• _Your objective_:
Leave out every line before the one containing "Lojë Forest Tiles", and repeat the rest of the material below exactly, that line included.

• _Dataset records_:
*** Block opens ***

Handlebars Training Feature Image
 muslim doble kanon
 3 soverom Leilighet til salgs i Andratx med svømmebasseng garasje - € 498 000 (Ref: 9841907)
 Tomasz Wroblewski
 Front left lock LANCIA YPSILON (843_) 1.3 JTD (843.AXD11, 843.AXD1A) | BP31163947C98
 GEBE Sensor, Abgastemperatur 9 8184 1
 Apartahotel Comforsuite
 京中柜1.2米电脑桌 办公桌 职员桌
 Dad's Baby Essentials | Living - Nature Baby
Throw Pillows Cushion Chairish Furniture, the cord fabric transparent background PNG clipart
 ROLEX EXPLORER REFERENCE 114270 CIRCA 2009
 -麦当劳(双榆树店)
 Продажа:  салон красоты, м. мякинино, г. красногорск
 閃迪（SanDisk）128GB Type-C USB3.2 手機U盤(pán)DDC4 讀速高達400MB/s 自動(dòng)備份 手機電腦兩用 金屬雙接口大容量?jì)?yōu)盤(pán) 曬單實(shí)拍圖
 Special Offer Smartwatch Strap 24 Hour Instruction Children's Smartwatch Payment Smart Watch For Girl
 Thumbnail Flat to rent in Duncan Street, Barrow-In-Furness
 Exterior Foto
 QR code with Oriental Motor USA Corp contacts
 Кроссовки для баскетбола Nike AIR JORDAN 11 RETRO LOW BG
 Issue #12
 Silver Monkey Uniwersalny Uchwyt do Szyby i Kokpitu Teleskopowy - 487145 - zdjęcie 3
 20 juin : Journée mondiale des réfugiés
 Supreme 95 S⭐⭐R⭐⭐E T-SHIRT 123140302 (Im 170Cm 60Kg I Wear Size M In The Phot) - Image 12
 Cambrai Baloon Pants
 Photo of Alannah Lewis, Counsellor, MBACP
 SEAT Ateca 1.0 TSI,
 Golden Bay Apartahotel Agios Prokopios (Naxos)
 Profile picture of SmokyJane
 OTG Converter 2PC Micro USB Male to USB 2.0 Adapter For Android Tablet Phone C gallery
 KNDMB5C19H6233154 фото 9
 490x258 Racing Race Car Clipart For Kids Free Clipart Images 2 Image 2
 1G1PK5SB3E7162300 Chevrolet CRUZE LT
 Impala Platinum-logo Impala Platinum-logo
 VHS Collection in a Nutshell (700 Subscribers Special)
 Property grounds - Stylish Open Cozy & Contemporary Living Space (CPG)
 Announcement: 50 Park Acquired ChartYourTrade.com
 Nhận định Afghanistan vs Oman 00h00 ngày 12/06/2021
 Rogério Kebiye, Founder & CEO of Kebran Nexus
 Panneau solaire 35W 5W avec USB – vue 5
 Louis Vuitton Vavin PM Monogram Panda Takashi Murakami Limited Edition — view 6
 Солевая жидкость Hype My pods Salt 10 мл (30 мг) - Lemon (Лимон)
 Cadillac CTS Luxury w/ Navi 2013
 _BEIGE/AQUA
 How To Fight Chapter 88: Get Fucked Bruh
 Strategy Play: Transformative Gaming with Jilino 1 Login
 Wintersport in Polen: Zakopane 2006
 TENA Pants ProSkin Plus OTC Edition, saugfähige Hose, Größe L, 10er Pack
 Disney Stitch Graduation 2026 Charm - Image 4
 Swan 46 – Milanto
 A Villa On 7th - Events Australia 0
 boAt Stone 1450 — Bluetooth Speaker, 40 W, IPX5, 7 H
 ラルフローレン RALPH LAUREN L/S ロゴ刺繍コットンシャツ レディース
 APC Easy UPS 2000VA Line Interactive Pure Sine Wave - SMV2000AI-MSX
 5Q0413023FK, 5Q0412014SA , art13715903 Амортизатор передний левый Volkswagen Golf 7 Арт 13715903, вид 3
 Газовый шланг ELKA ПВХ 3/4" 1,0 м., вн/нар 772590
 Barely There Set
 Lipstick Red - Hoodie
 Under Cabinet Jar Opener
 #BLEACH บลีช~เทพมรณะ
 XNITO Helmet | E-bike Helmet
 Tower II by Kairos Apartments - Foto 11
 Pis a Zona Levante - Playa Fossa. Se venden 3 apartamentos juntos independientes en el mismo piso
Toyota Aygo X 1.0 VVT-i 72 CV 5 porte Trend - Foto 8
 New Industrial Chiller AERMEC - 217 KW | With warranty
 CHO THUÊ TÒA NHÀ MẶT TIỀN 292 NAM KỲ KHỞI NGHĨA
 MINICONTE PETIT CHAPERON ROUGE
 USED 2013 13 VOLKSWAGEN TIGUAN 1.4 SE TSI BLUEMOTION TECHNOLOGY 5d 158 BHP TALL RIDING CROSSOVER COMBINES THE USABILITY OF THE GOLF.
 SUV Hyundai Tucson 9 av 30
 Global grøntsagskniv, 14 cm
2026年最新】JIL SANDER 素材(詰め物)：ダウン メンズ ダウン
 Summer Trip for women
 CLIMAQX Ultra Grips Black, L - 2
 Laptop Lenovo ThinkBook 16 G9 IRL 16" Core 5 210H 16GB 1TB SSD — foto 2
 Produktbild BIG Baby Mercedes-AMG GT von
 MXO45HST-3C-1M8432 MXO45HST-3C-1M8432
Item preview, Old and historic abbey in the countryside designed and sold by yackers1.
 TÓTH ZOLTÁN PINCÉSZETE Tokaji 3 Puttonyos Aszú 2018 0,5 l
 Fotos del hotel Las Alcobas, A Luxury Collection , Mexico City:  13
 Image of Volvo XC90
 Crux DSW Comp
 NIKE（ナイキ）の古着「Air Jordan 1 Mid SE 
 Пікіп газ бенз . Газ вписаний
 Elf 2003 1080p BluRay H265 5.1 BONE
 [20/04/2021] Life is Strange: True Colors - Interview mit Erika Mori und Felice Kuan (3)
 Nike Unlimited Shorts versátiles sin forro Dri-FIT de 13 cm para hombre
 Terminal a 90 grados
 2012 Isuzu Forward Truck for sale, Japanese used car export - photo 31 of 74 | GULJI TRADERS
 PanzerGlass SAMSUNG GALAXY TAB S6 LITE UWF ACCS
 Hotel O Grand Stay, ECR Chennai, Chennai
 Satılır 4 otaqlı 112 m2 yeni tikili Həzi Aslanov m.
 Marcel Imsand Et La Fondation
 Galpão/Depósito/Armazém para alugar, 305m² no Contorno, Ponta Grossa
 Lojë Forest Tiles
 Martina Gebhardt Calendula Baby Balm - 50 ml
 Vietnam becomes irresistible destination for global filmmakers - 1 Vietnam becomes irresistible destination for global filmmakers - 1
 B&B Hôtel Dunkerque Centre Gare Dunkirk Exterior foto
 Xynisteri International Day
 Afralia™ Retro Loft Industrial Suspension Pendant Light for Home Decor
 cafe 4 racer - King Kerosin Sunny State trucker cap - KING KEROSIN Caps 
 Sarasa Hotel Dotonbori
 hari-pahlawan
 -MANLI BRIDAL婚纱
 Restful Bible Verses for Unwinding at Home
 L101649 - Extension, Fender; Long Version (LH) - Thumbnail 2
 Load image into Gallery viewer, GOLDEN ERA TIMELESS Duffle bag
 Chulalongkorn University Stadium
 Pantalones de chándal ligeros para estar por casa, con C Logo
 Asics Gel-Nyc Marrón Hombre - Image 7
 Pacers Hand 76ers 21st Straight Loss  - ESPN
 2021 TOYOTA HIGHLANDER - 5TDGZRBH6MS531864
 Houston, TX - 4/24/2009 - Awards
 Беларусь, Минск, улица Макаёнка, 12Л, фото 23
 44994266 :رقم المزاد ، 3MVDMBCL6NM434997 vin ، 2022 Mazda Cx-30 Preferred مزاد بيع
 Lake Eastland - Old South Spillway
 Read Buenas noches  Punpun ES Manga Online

*** Block closes ***

• _Reply_:
 Lojë Forest Tiles
 Martina Gebhardt Calendula Baby Balm - 50 ml
 Vietnam becomes irresistible destination for global filmmakers - 1 Vietnam becomes irresistible destination for global filmmakers - 1
 B&B Hôtel Dunkerque Centre Gare Dunkirk Exterior foto
 Xynisteri International Day
 Afralia™ Retro Loft Industrial Suspension Pendant Light for Home Decor
 cafe 4 racer - King Kerosin Sunny State trucker cap - KING KEROSIN Caps 
 Sarasa Hotel Dotonbori
 hari-pahlawan
 -MANLI BRIDAL婚纱
 Restful Bible Verses for Unwinding at Home
 L101649 - Extension, Fender; Long Version (LH) - Thumbnail 2
 Load image into Gallery viewer, GOLDEN ERA TIMELESS Duffle bag
 Chulalongkorn University Stadium
 Pantalones de chándal ligeros para estar por casa, con C Logo
 Asics Gel-Nyc Marrón Hombre - Image 7
 Pacers Hand 76ers 21st Straight Loss  - ESPN
 2021 TOYOTA HIGHLANDER - 5TDGZRBH6MS531864
 Houston, TX - 4/24/2009 - Awards
 Беларусь, Минск, улица Макаёнка, 12Л, фото 23
 44994266 :رقم المزاد ، 3MVDMBCL6NM434997 vin ، 2022 Mazda Cx-30 Preferred مزاد بيع
 Lake Eastland - Old South Spillway
 Read Buenas noches  Punpun ES Manga Online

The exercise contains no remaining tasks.